TASK REQUIREMENTS: Print the lines that run from the line with "Here's what I'm" to the line with "The Ashok Chakra", keeping both end lines, exactly as they appear in the entries below, and nothing else.

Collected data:
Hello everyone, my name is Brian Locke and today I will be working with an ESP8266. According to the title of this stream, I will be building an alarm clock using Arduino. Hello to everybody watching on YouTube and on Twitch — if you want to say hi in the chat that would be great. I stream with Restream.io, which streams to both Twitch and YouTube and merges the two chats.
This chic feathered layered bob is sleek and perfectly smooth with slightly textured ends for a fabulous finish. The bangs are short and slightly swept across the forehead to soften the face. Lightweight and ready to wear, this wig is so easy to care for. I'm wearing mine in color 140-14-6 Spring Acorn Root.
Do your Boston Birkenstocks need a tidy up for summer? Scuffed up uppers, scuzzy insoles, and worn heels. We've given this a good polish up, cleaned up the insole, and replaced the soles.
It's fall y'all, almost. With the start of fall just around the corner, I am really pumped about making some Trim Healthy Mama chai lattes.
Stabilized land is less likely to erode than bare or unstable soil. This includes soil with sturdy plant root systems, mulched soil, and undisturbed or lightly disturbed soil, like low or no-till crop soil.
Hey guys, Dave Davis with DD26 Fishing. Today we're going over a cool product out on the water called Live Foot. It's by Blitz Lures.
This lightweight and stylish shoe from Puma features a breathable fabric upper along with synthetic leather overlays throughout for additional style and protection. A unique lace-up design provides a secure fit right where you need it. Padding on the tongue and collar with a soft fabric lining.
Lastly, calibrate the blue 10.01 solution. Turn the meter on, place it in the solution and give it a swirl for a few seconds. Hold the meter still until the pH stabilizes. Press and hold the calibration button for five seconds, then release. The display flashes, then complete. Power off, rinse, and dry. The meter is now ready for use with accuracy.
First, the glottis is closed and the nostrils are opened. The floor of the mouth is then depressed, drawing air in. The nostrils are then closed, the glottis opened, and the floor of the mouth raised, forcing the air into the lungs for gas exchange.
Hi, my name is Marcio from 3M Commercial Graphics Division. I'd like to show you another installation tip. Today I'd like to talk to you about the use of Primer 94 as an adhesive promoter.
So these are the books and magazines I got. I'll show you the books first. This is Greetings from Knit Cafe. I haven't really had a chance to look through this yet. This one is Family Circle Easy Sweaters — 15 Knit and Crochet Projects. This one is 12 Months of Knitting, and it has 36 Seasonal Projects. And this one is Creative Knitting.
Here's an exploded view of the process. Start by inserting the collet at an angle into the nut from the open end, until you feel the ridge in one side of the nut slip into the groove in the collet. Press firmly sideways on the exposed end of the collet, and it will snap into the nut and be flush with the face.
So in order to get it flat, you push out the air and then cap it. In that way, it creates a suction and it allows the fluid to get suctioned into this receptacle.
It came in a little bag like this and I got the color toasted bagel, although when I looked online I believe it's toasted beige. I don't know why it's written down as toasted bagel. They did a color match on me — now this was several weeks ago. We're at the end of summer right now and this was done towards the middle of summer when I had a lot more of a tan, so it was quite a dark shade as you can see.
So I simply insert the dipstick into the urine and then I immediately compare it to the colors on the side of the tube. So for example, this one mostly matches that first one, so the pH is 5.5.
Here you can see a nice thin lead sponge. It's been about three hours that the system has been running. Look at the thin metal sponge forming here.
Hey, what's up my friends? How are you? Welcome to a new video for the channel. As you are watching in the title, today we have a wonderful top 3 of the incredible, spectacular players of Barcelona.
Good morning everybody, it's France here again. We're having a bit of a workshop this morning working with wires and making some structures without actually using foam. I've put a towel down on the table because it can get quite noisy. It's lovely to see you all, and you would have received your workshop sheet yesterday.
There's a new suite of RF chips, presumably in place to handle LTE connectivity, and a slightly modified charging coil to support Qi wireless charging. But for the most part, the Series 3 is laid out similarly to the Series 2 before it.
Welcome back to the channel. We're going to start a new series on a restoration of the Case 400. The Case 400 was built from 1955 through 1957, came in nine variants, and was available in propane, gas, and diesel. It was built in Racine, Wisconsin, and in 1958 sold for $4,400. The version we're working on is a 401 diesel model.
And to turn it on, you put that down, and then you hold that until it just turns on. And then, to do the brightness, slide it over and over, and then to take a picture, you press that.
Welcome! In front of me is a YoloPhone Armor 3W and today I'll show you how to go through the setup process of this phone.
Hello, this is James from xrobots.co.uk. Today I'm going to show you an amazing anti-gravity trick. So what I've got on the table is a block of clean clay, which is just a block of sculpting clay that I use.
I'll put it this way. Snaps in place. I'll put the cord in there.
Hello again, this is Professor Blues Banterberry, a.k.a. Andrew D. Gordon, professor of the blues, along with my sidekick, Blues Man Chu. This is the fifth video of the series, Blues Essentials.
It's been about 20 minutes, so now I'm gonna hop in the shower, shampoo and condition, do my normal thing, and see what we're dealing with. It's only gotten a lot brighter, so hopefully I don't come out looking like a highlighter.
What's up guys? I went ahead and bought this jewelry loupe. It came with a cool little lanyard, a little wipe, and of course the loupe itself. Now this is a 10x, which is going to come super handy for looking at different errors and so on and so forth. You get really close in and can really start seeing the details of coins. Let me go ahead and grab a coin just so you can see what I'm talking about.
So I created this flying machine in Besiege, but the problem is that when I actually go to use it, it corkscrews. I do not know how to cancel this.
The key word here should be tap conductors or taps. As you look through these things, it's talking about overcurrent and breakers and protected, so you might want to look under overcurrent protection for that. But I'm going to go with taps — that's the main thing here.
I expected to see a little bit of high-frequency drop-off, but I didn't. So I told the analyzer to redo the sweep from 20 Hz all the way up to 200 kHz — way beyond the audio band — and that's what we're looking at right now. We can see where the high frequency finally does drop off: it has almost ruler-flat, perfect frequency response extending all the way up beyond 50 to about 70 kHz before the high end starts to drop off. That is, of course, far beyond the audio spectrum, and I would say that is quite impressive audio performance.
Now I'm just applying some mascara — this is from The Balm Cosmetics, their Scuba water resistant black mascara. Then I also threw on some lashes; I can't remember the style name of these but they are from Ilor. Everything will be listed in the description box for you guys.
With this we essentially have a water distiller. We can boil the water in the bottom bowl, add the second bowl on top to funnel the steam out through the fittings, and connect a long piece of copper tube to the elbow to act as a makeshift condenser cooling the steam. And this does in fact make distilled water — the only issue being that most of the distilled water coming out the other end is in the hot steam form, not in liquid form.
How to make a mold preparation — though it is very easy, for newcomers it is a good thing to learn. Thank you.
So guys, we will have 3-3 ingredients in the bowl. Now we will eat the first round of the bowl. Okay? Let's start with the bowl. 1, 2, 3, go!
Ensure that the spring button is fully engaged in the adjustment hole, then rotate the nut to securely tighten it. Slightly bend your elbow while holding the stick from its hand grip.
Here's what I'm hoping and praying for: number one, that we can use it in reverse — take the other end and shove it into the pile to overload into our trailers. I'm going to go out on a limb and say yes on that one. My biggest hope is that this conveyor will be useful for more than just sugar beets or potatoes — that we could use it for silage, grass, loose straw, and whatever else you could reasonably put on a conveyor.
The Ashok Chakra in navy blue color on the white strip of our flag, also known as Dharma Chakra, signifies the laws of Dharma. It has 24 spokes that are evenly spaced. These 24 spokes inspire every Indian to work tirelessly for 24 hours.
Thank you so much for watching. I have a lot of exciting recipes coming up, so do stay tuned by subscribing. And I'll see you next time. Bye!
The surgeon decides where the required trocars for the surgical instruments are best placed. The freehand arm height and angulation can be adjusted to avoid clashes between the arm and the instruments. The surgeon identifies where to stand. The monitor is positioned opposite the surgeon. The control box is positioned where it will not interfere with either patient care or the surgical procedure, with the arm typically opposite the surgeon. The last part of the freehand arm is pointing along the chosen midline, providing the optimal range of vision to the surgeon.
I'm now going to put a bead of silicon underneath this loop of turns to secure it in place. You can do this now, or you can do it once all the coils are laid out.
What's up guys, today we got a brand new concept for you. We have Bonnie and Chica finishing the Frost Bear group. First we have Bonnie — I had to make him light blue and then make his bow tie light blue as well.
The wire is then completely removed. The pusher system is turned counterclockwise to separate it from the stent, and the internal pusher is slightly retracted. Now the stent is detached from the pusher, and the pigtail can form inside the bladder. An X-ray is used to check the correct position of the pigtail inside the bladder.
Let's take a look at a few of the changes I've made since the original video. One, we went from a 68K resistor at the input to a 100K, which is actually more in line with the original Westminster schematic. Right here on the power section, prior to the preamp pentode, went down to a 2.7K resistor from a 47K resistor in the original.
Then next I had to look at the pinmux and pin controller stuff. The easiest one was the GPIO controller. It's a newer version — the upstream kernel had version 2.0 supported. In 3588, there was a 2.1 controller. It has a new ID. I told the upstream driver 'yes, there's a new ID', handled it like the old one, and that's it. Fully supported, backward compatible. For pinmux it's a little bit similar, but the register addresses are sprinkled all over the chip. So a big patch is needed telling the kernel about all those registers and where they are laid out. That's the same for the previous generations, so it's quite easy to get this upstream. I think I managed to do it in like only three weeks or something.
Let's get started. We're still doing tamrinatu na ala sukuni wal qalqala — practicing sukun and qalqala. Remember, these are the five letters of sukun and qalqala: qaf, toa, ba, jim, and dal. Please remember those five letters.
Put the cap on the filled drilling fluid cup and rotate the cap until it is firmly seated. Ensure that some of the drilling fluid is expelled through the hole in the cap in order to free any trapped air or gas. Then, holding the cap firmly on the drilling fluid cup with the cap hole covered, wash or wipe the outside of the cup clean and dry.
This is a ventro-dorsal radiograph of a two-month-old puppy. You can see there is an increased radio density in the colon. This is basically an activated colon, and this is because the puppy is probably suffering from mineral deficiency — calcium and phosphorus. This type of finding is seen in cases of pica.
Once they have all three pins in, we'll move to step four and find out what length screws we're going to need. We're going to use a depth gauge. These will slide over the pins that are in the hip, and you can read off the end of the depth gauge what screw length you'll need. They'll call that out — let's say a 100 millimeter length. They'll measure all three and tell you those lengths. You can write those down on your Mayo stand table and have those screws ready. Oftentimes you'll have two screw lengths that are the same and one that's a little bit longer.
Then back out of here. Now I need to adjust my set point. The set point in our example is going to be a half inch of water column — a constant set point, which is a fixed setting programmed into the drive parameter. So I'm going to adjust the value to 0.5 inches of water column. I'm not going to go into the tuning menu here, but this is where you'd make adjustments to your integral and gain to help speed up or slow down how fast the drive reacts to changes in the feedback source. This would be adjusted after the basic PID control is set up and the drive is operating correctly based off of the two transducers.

WRITTEN REPLY:
Here's what I'm hoping and praying for: number one, that we can use it in reverse — take the other end and shove it into the pile to overload into our trailers. I'm going to go out on a limb and say yes on that one. My biggest hope is that this conveyor will be useful for more than just sugar beets or potatoes — that we could use it for silage, grass, loose straw, and whatever else you could reasonably put on a conveyor.
The Ashok Chakra in navy blue color on the white strip of our flag, also known as Dharma Chakra, signifies the laws of Dharma. It has 24 spokes that are evenly spaced. These 24 spokes inspire every Indian to work tirelessly for 24 hours.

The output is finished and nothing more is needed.